In our study, we found that tracheostomy decreased the number of hospitalizations in 44% of patients and increased the number of hospitalizations in 10% of patients. The group with an increased number of hospitalizations was also the group with a higher number of hospitalizations prior to tracheostomy. Although tracheostomy is performed in cases of prolonged mechanical ventilation, it is intended to reduce hospitalizations due to respiratory problems, especially in chronically ill children. However, in these children who are already hospitalized frequently, we believe that the development of respiratory protective methods other than tracheostomy will be more comfortable. After discharge, follow-up of patients with tracheostomy in our hospital is performed by the otorhinolaryngology clinic. The fact that our study covered a period as long as 10 years and that patient follow-up was carried out by another clinic caused the number of patients that could be reached to be limited.
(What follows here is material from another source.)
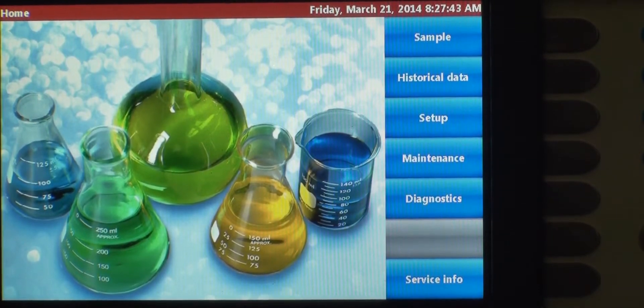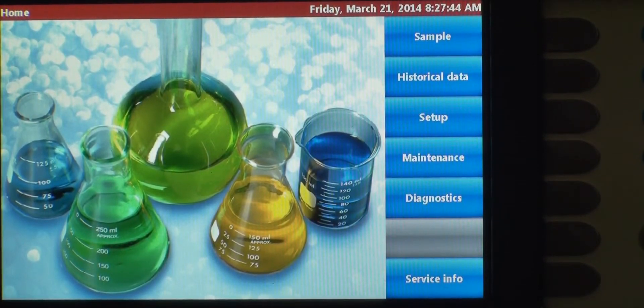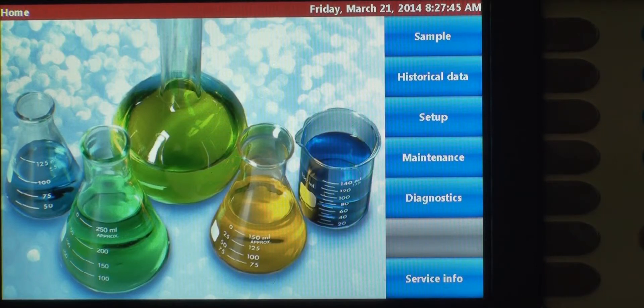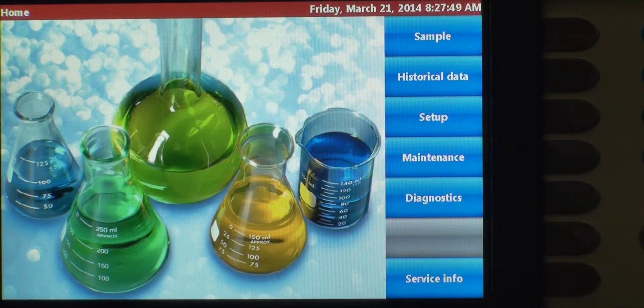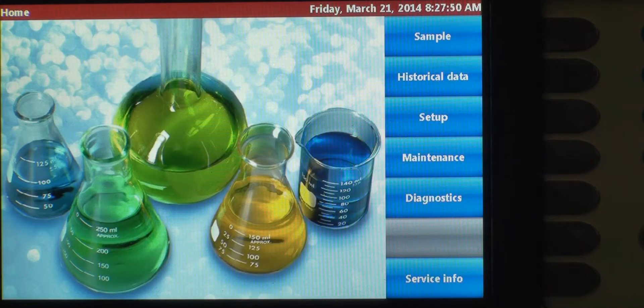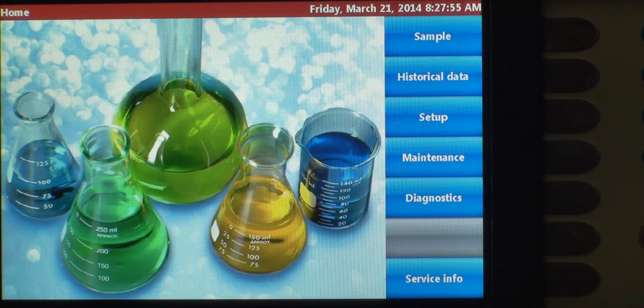For the next few minutes, we're going to go through the process of creating a sample recipe, saving that recipe, and then we're going to run a sample using that recipe. This is a common function that you'll have to do with the 8011+.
Therefore, the satisfaction and hospitalization data after tracheostomy that we aimed for in the study needs to be supported by wider studies.
Conclusion
Increasing the quality of education given to parents before discharge, especially in the younger age group, and ensuring that these patients have access to hospitals in case of any problem will increase the comfort of life and satisfaction of children and families. In addition, we believe that home care services should be developed and necessary measures should be taken regarding tracheostomy care. In chronic patients who already have frequent hospitalizations, the number of hospitalizations can be reduced by developing other respiratory protective methods.